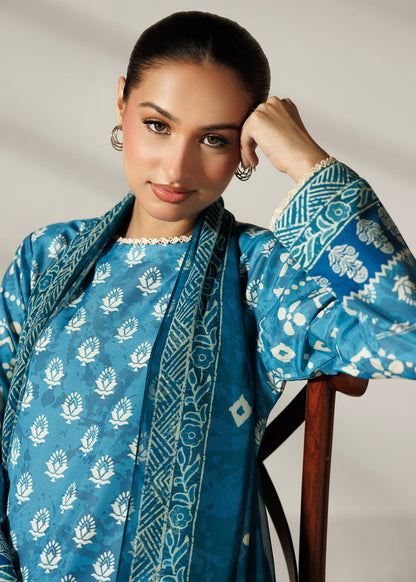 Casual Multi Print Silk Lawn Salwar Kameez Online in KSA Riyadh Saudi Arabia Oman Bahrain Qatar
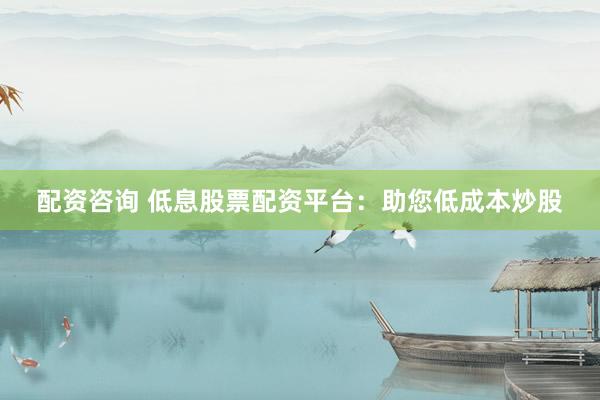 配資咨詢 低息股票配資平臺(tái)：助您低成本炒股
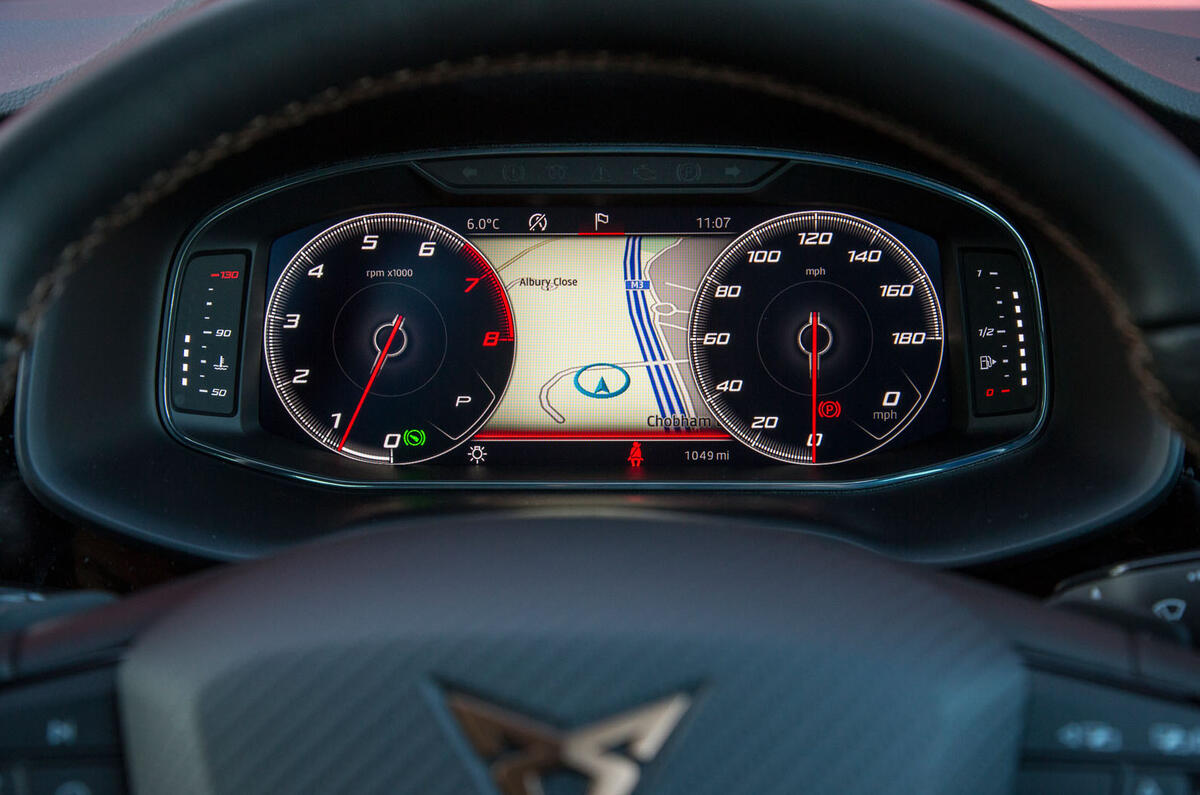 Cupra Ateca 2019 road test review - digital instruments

Assignment -> Copy out the whole listing word for word, except for any picture it includes.

Result of this exercise ->
 Casual Multi Print Silk Lawn Salwar Kameez Online in KSA Riyadh Saudi Arabia Oman Bahrain Qatar
 配資咨詢 低息股票配資平臺(tái)：助您低成本炒股
 Cupra Ateca 2019 road test review - digital instruments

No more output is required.